Hot rolling mills use reheating furnaces to bring the steel feedstock (e.g. billets, blooms, slabs) to a uniform temperature of about 1000 to 1300 ˚C until the steel is plastic enough for the rolling process. A 2020 study by Zanoni et al. said that furnaces for steel reheating are responsible for a large amount of energy consumption, where less than 50% of the energy supplied to the furnace (mainly gaseous fuel) is net energy of steel heating, the remaining is lost.

The plant in Hofors is also Sweden’s largest electrolysis plant, with a 20MW alkaline electrolyzer system from Nel ASA. Nel’s A Series atmospheric alkaline electrolyzers feature a cell stack power consumption as low as 3.8 kWh/Nm3 of hydrogen gas produced, up to 2.2 MW per stack. The A Series electrolyzer system at Hofors can produce up to 3,880 Nm3/h of hydrogen—just over 8 tonnes per day.

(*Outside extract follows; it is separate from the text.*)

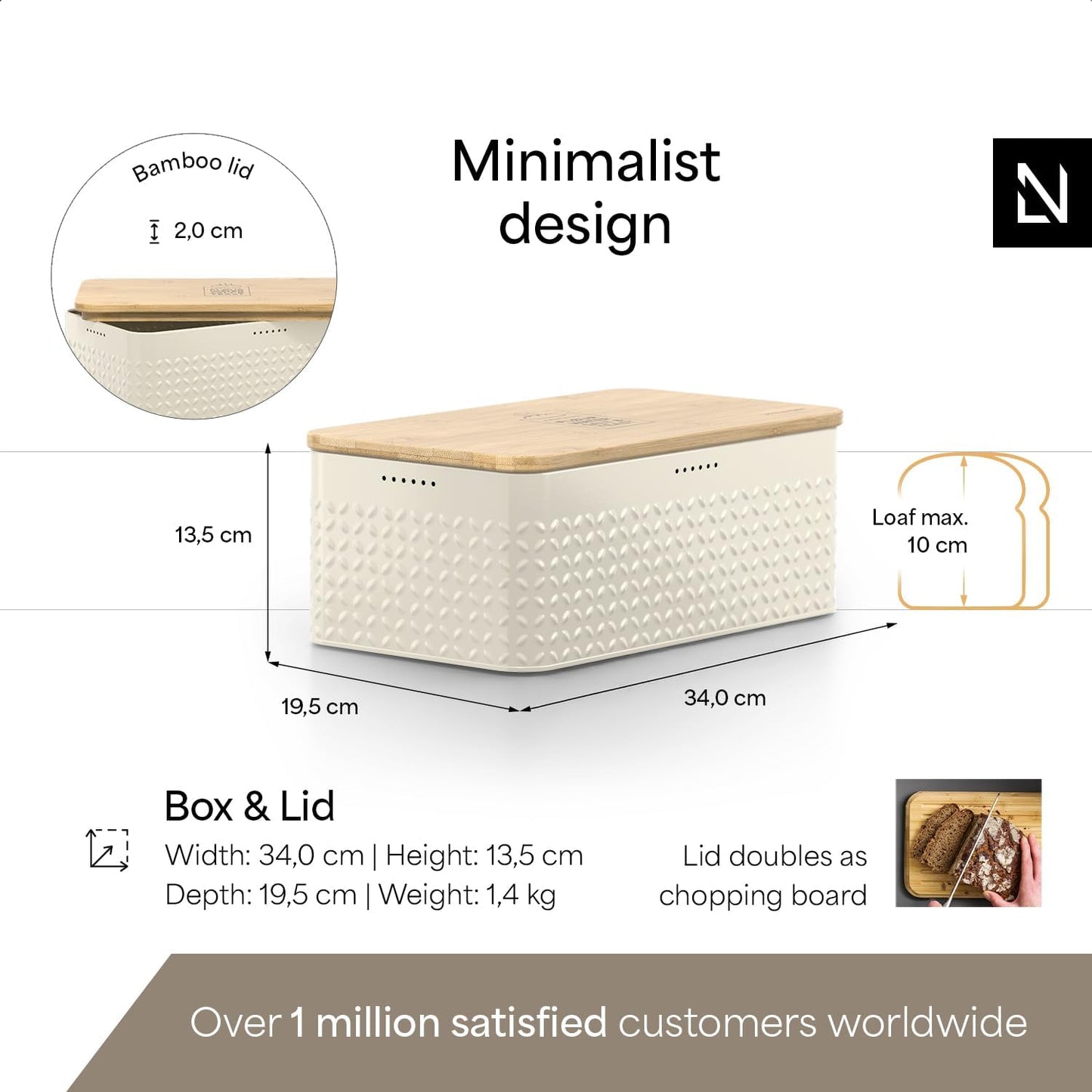 LARS NYSØM Bread Box I Metal Box with linen bag for long lasting freshness I Bread Bin with bamboo lid usable as cutting board I 13.4x7.3x5.3In (Almond Beige)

Electrolyzer system at Hofors. The large cylinders are the electrolyzer cell stacks; the white tanks visible at the rear are the hydrogen and oxygen separation tanks.

Our steel mill in Hofors was founded as early as the 16th century, and with the new hydrogen plant, we begin a new chapter in Swedish steel history. Heating steel products has previously required large amounts of fossil fuels. We are now the first in the world to heat steel with fossil-free hydrogen before rolling, reducing the emissions in this production step to almost zero.

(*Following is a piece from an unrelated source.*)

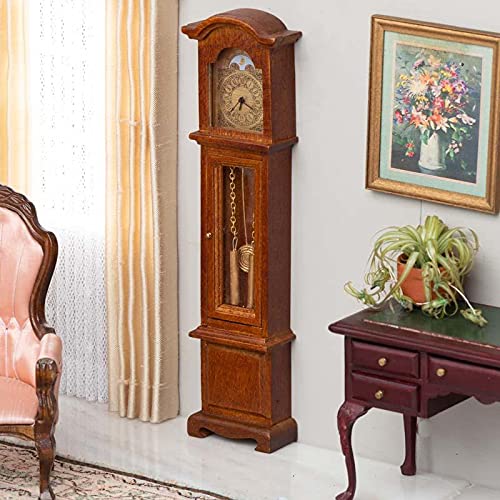 Factory Direct Craft Walnut Working Quartz Grandfather Clock - Miniature Dollhouse Decor | Perfect for Dollhouse Miniatures, Model Train Sets & Victorian Home Displays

—Marcus Hedblom, President and CEO Ovako Group

The fossil-free hydrogen produced in Ovako’s new facility will be used to heat steel at adjacent rolling mills, significantly reducing carbon dioxide emissions to nearly zero. In addition to steel heating, the hydrogen will be used for fueling fuel cell-powered trucks, and the excess heat from the plant will be used for district heating.

The fossil-free hydrogen plant in Hofors is the largest in operation in Europe. This solution for industrial heating technology holds the potential for substantial global emissions reductions, not limited to the steel industry, the company says.

Ovako is collaborating with partners such as the Volvo Group, Hitachi Energy, H2 Green Steel, and Nel Hydrogen. The development of the hydrogen plant has been supported by the Swedish Energy Agency and the European Union.

Ovako’s plan is to use local hydrogen production in all Ovako units where steel is rolled by 2030, provided there is good access to fossil-free electricity to power the electrolysis process.

Ovako is a subsidiary of Sanyo Special Steel and a member of Nippon Steel Corporation, one of the largest steel producers in the world.